Moody's believes that depressed metal prices, challenging
steel industry conditions in Europe and the US, the near-term
uncertainty surrounding Boeing 737 MAX situation notwithstanding a significant
order backlog at the company's AMG Technologies segment, and
overall, sharp contraction in global demand will lead to lower y-o-y
volumes, prices and revenues in 2020 and will negatively impact
AMG's profitability. These factors, high capex spending
and negative free cash flow will further weaken AMG's credit profile in
2020 before improving moderately in 2021 and more meaningfully in 2022
after the company completes the construction of the Cambridge II project
in the U.S. and the battery grade hydroxide plant in Germany
and returns to positive free cash flow generation. We expect the
cost-saving initiatives and lower costs for some of the raw materials
to partially offset the expected decline in profitability. Moody's
expects AMG to generate about $100 million in Moody's adjusted
EBITDA in 2020. Adjusted leverage is expected to be around 9.5x
in 2020, before declining to below 7x in 2021. Credit metrics
are expected to return to levels appropriate for the rating by 2022.
AMG's B2 corporate family rating (CFR) is supported by its good liquidity,
good geographic and end market diversity and the importance of its products
in lightweighting, energy efficiency and carbon emissions reduction
which should lead to relatively steady customer demand over the long term.
The company also has a strong market position with only a few major competitors
for most of the critical materials it produces and sells those materials
to a number of blue chip customers with whom it has established long term
relationships. The company is expected to benefit from the recently
restructured vanadium supply contracts intended to reduce its exposure
to the FeV price volatility and improve the profitability, reaching
an agreement with Glencore for the sale of the FeV that effectively removes
the market volume risk as well as securing a large portion of the spent
catalyst supply required for Cambridge I and II plants.
The stable outlook reflects Moody's view that fiscal and monetary
policy measures being implemented by many countries will likely support
the global economic recovery in 2021 and will lead to the AMG's
EBITDA growth from 2021 onwards and result in improved credit metrics
that support its rating. The stable outlook also presumes that
free cash flow burn in 2020-2021 will be close to Moody's
expectations, that AMG will carefully manage its liquidity through
the likely economic downturn and that the company will not experience
any significant issues related to its growth projects.

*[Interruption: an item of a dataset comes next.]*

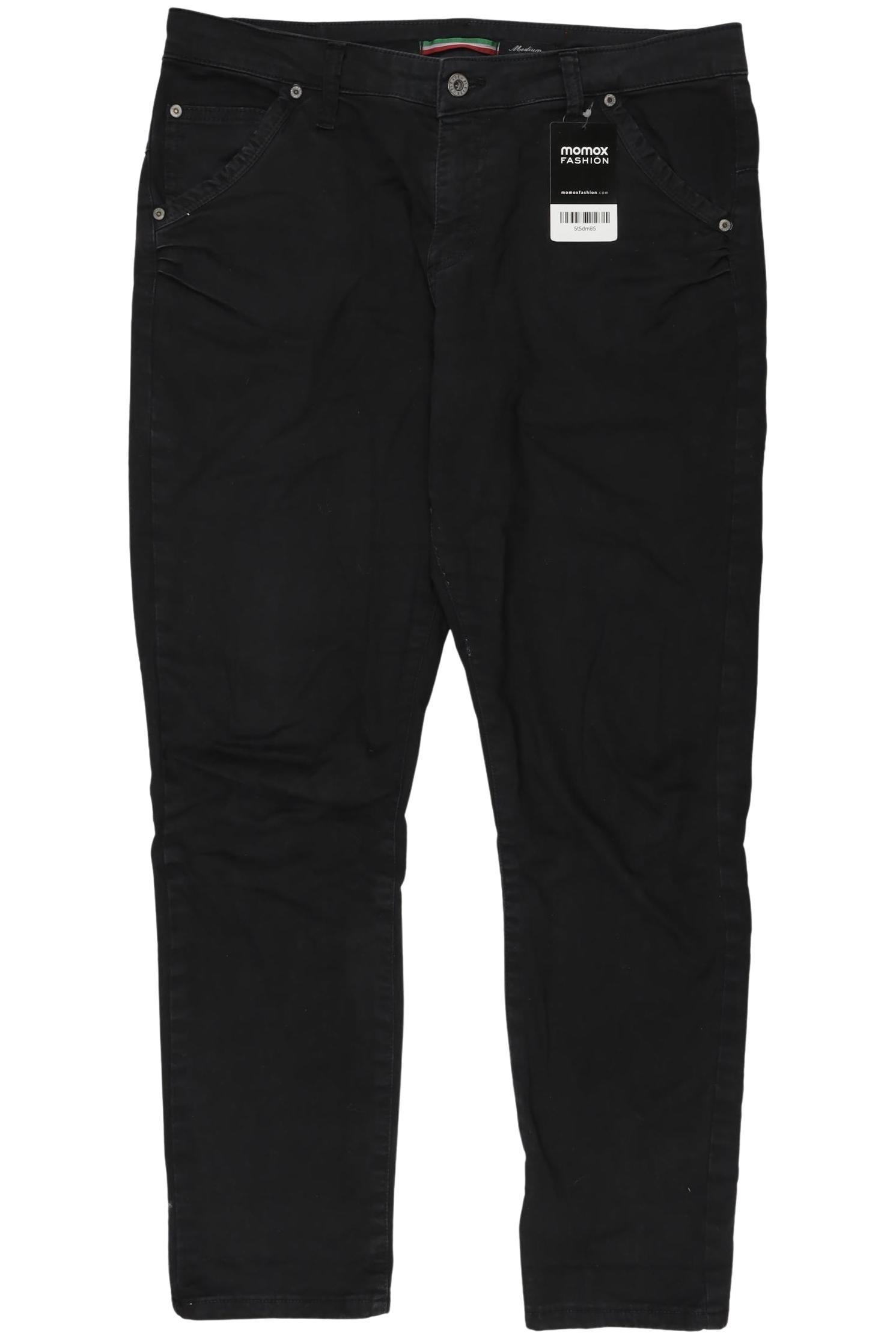 

Please Damen Jeans, schwarz, Gr. 0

AMG overall faces elevated environmental social and governance risks given
the nature of the company's operations which include mining and
high heat metallurgical processes and the location of some of its mines
and facilities in emerging markets such as China and Brazil. The
governance risk is also above average due to the management's high
tolerance for elevated leverage during the current growth phase at the
time of weakened macro environment.
AMG is expected to maintain good liquidity and will have no meaningful
debt maturities prior to the maturity date of the revolver in 2023 and
the term loan B in 2025. As of December 31, 2019, the
company had $226 million in cash and cash equivalents, $309
million in restricted cash for the Cambridge II project and $170
million available under its $200 million revolver, which
is undrawn but has a reduced borrowing capacity due to the outstanding
debt at the Brazilian subsidiary. Moody's expects the revolving
facility to remain undrawn over the rating horizon. Moody's also
expects the company to have ample headroom under its 3.5x first
lien leverage covenant despite higher leverage.
The B1 rating of the senior secured revolving credit facility and senior
secured term loan B reflects their priority position in the company's
capital structure. The credit facilities are secured by a first
priority lien on substantially all of the assets of several of the company's
operating subsidiaries and a first priority lien on 100% of the
capital stock (limited to 65% of voting stock for foreign subsidiaries)
of each subsidiary borrower and each material wholly-owned subsidiary.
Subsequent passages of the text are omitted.